> _WHAT THE TASK REQUIRES_
The answer must consist solely of the lines from the one containing "Peacock Blue Floral" through the last line of the records below, repeated exactly, with all pictures omitted.

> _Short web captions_
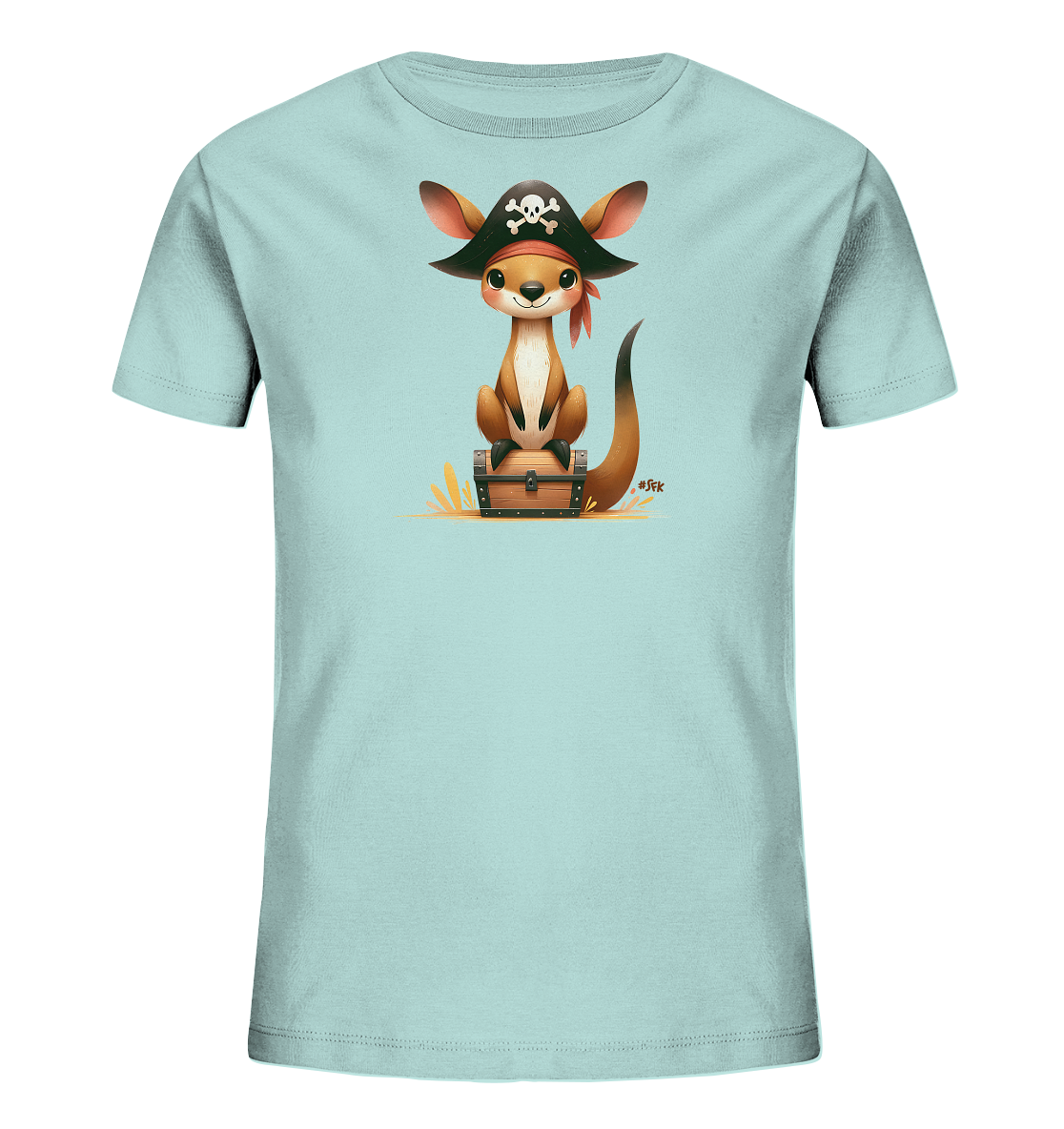 Onlineshop Shirts fuer Kinder - Das Bild zeigt ein hellblaues Kinder-T-Shirt mit einer niedlichen Illustration eines Kaengurus. Das Kaenguru ist als Pirat dargestellt, traegt einen Hut mit Totenkopfmotiv und sitzt auf einer Schatzkiste. Die detailreiche Grafik ist farbenfroh und verleiht dem Shirt einen verspielten Look.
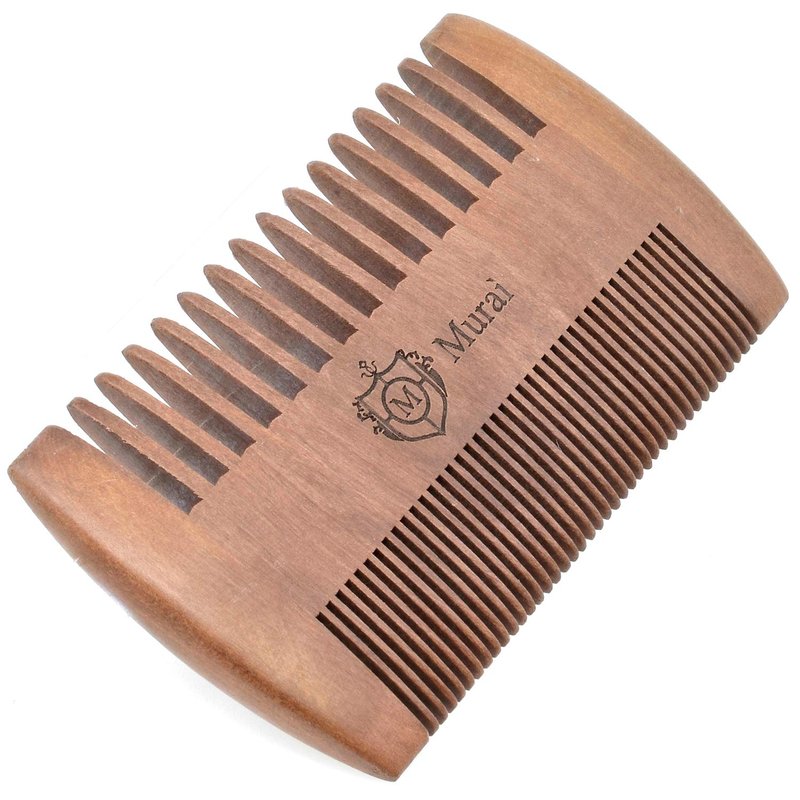 Murai by Giorgio GIOWC Wooden Beard Combs for Men - Dual Action Fine & Wide Tooth Wood, Perfect for Use with Balms and Oils, Cherrywood Pocket Comb for Beard & Moustache.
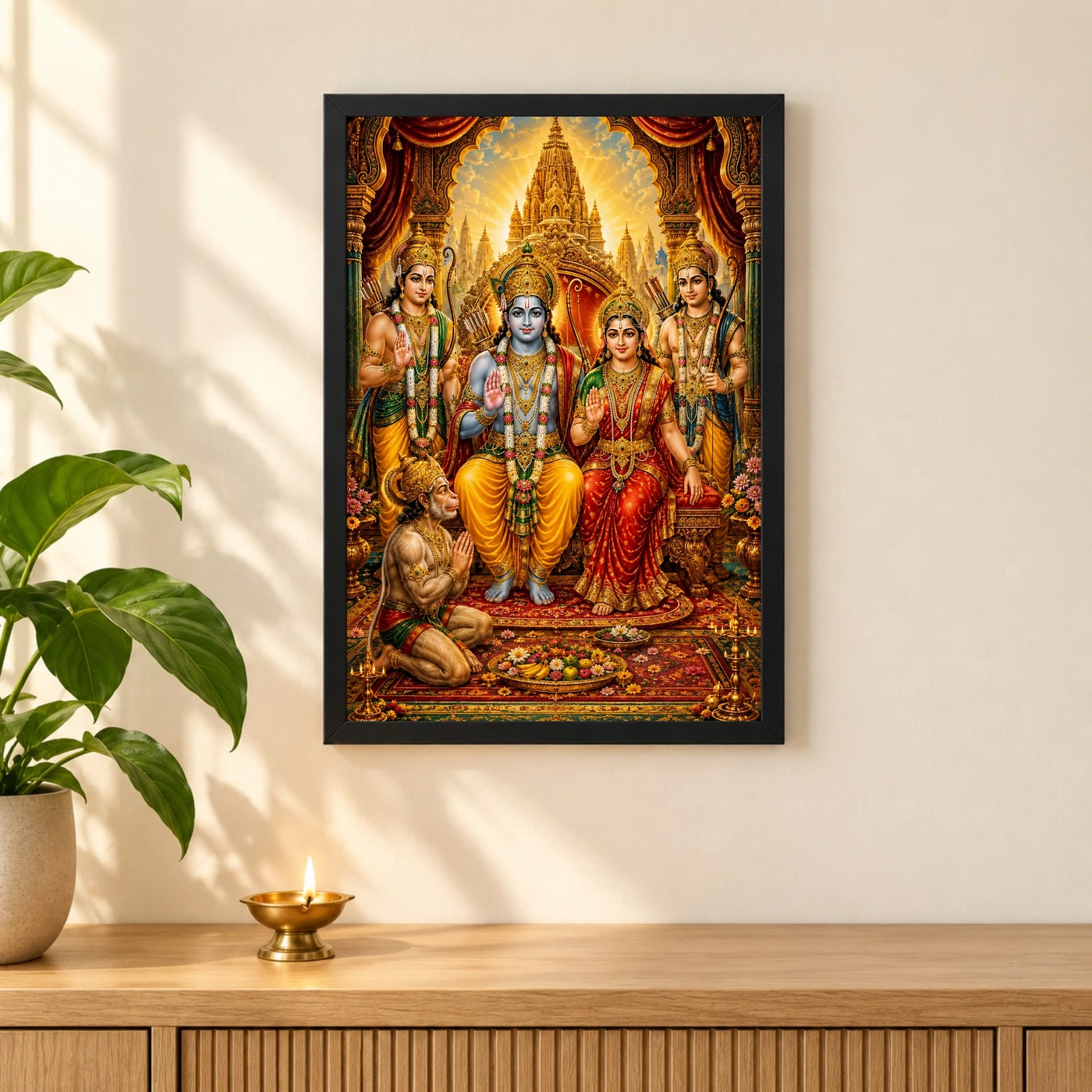 Ram Darbar Traditional Indian Miniature-Inspired Devotional Art Photo Frame 3 Ram Darbar Traditional Indian Miniature-Inspired Devotional Art Photo Frame — black frame pooja shelf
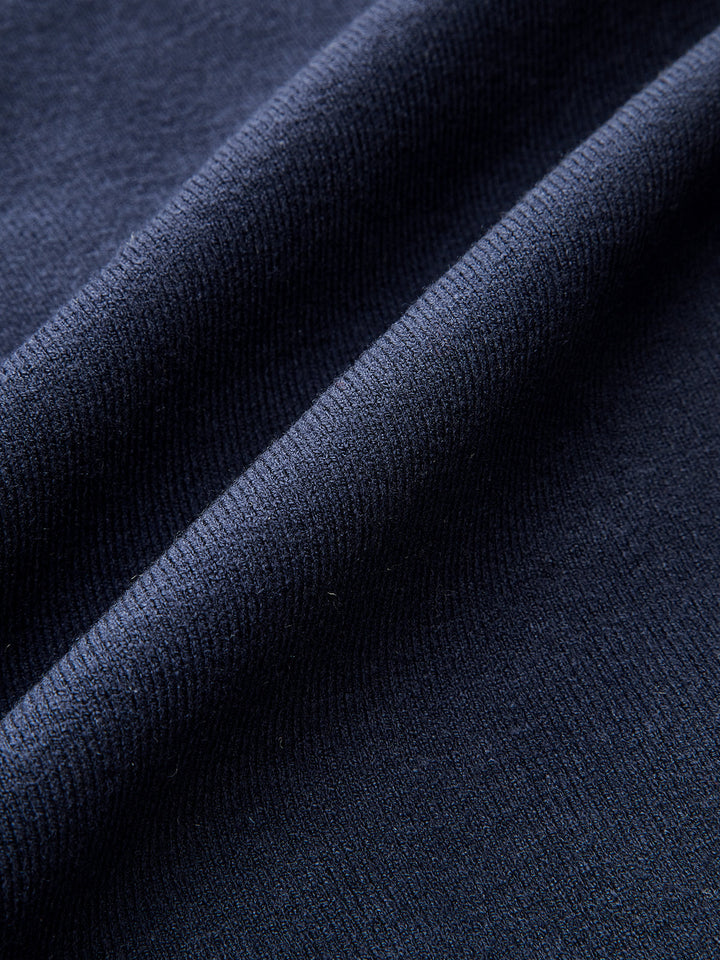 Sailor Collar Denim Trim Knit Outerwear  Liora Lane Boutique Knit Outerwear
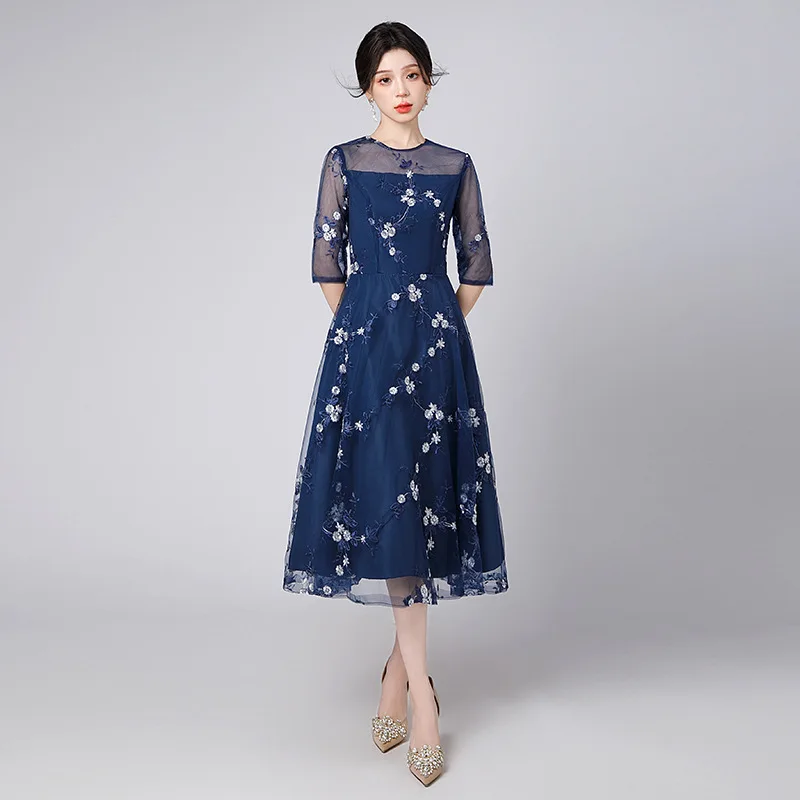 레이스 이브닝 가운 여성용 플로럴 프린트 라운드 넥 이브닝 드레스 프롬 파티 롱 드레스 포멀 드레스 우아한 파티 드레스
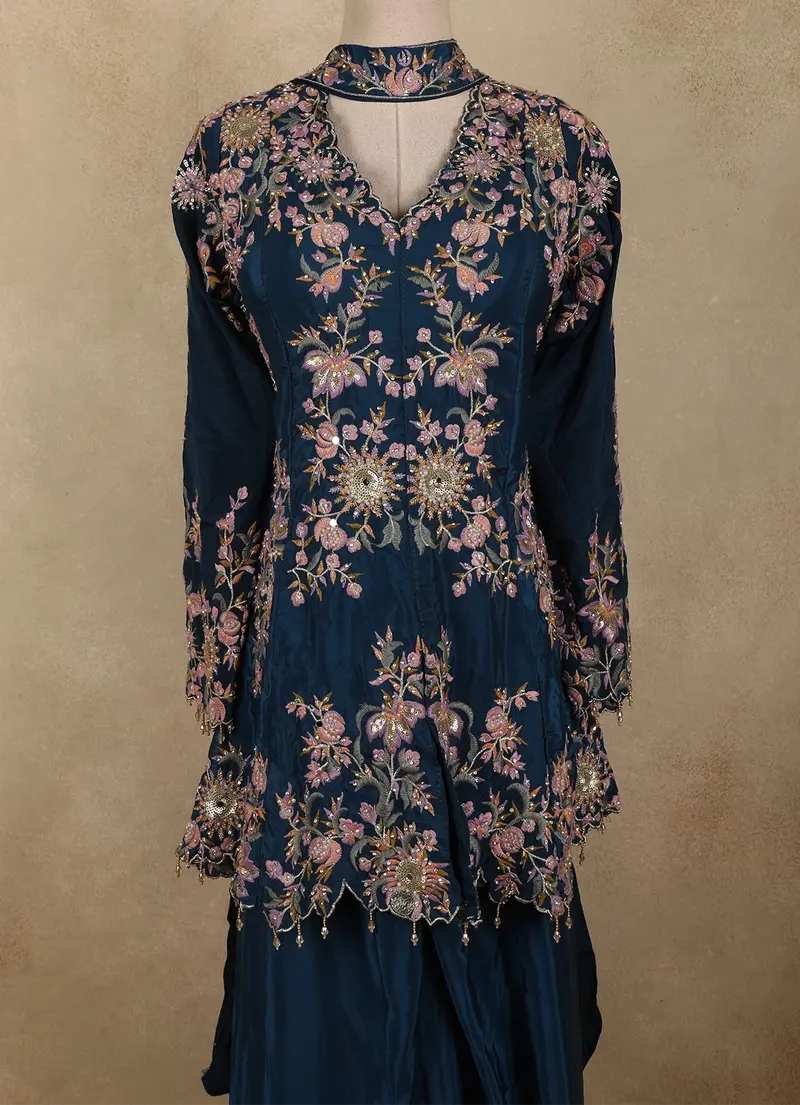 Peacock Blue Floral Thread Embroidered Design Crepe Peplum Palazzo Suit With Dupatta 2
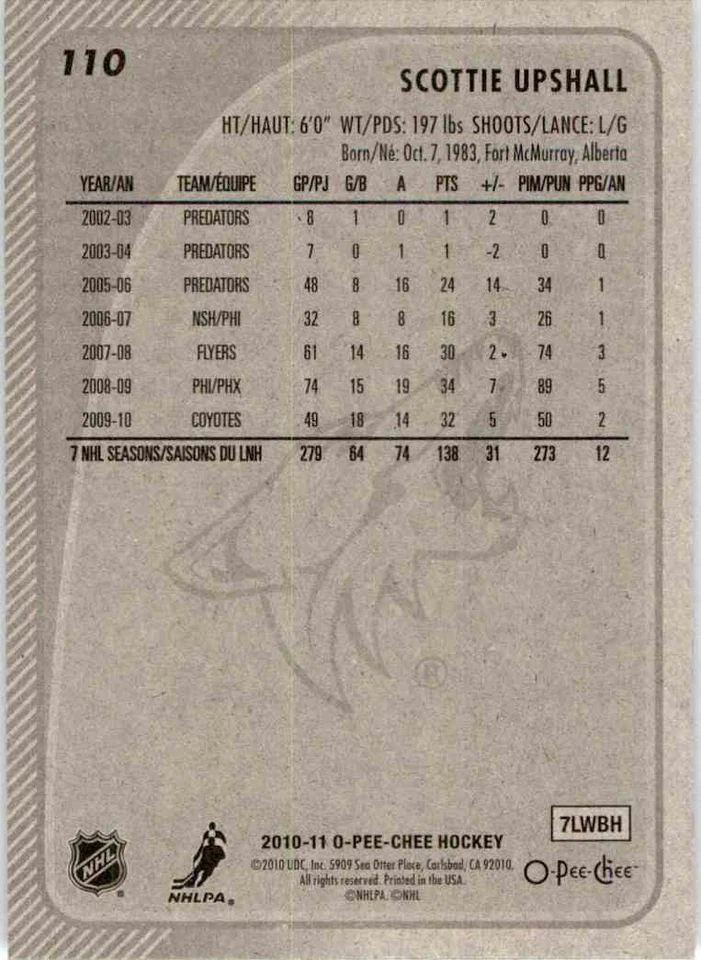 2010-11 O-Pee-Chee Scottie Upshall #110 - Image 2 of 2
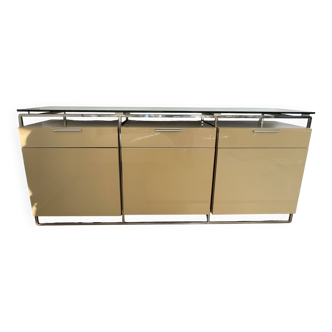 Modular enfilade design — champagne lacquer & chrome steel — 1980s-90s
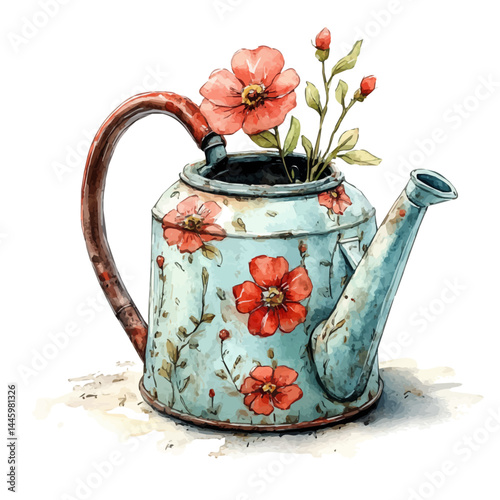 Vintage, vector watercolor illustration, isolated on a white background.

> _TASK OUTPUT_
 Peacock Blue Floral Thread Embroidered Design Crepe Peplum Palazzo Suit With Dupatta 2
 2010-11 O-Pee-Chee Scottie Upshall #110 - Image 2 of 2
 Modular enfilade design — champagne lacquer & chrome steel — 1980s-90s
 Vintage, vector watercolor illustration, isolated on a white background.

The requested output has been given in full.